Re: Thousands of partitions performance questions

2019-04-29 Thread David Rowley
On Mon, 29 Apr 2019 at 19:20, Shai Cantor  wrote:
> Some notes I haven't shared or were not clear enough on the previous post.
>
> Data is inserted using the copy command only and in an offline manner. 
> Meaning, no user action creates or updates the data. An offline job runs is. 
> Number of inserts can reach up to 1500 a day.
> Queries are only on a single partition
>
> Can that ease the performance?

Yes, COPY will be more efficient. In PG11 it still means locking all
partitions but that becomes more worthwhile the more tuples that are
inserted at once.  The same goes for INSERT with multiple rows in the
VALUES clause.

> Will querying directly the partition tables help?

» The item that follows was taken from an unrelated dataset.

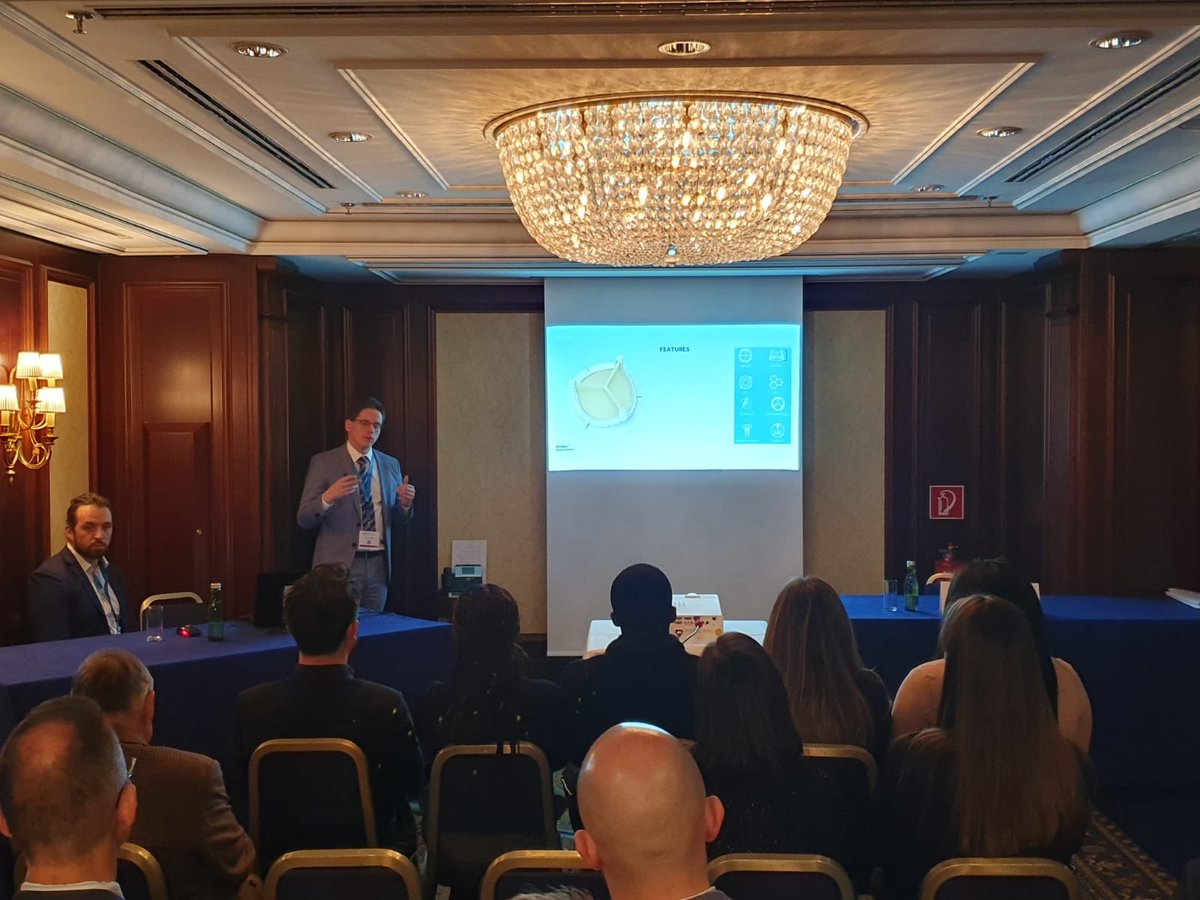 KardiologieWien's tweet photo. Surgical Hands on at #C3Congress chaired by Prof Martin Andreas from the Department of Cardiac Surgery at @MedUni_Wien 

#CardioEd #Cardiotwitter https://t.co/lBLCebUCK0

Yes. If you're able to determine which partition to query from within
the application and write that in the query instead, then this will be
much less planner overhead for PG11. It'll be pretty much the same as
if you were querying a normal table.

-- 
 David Rowley   http://www.2ndQuadrant.com/
 PostgreSQL Development, 24x7 Support, Training & Services




Re: Thousands of partitions performance questions

2019-04-29 Thread Shai Cantor
Thanks a lot for your feedback.
We're gonna user PG 11 on AWS RDS.
I will do some workload simulations.
Some notes I haven't shared or were not clear enough on the previous post.

   1. *Data is inserted using the copy command only* and in an offline
   manner. Meaning, no user action creates or updates the data. An offline job
   runs is. Number of inserts can reach up to 1500 a day.
   2. *Queries are only on a single partition*



   - Can that ease the performance?
   - Will querying directly the partition tables help?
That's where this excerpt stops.